As I and a fellow journalist entered the hotel room in Central London, it was immediately clear that our interview would go quite well. ‘Call me Aggy!’ she states upon introductions in a quiet, yet solace Lancastrian accent.

Agyness Deyn, 31, former queen of the catwalk and holder of the accolade ‘Britain’s most famous model’ is not here to talk about fashion and her dazzling past however, but rather her break into the film industry and more specifically her newest and first lead-role in independent film, Electricity.

Since her breakaway from modelling in 2010, she decided to tackle acting, so naturally one of her first roles was playing Aphrodite in Clash of the Titans – the God of beauty. Deyn also appeared in a few short films from 2010-2012 before her official step-down from modelling.

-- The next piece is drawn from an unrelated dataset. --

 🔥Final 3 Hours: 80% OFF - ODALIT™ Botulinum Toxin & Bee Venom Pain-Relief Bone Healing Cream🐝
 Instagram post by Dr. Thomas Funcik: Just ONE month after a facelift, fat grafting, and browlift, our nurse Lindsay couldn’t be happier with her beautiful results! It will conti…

Raising her filmography status rather quickly she took on the role of Flo in 2012’s drug crime-thriller, Pusher. A definite challenge for anyone, but Deyn prospered in the performance as the female lead character – a stripper come heroin addict.

Today, she is speaking to us about Electricity, an indie film directed by Bryn Higgins which notably had a world-premiere at this year’s London Film Festival, she was quite excited to talk to us about the film.

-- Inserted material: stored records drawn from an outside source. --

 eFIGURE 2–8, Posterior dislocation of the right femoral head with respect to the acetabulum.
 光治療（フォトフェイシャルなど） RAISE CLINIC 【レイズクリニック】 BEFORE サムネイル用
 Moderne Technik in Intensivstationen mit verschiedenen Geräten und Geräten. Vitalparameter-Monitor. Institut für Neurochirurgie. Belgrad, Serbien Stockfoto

Agyness Deyn‘It’s been amazing!’ states Agyness. ‘It’s meaningful because of [me] being English and being at an English film festival which is focused on loving British film. So to be part of the London Film Festival is really, really cool’.

By this point the sold-out world premiere of the film had taken place less than twenty-four hours before our interview and could easily be described as a success given the standing ovation. ‘It was great, I had not seen it on a big screen – I had seen it once before, but it was really good to be with family and friends. The cinema was big and full. It was great to hear audience reactions while watching it.’

Electricity, based on the best-selling book by Ray Robinson is a refreshing burst for UK cinema. The lead character, Lily O’Connor, played by Agyness is placed in a situation where she has to find her long-lost brother. Alongside this, and perhaps the main focal point of the film is that she has temporal lobe epilepsy and the film illustrates the struggle that it presents onto the big-screen like never seen before. ‘I think that every role has been progression. Pusher was the female lead but the lead character in anyway, but gave me the experience of being heavily involved in a feature [film]. Then this was full on with everything [Lily] goes through.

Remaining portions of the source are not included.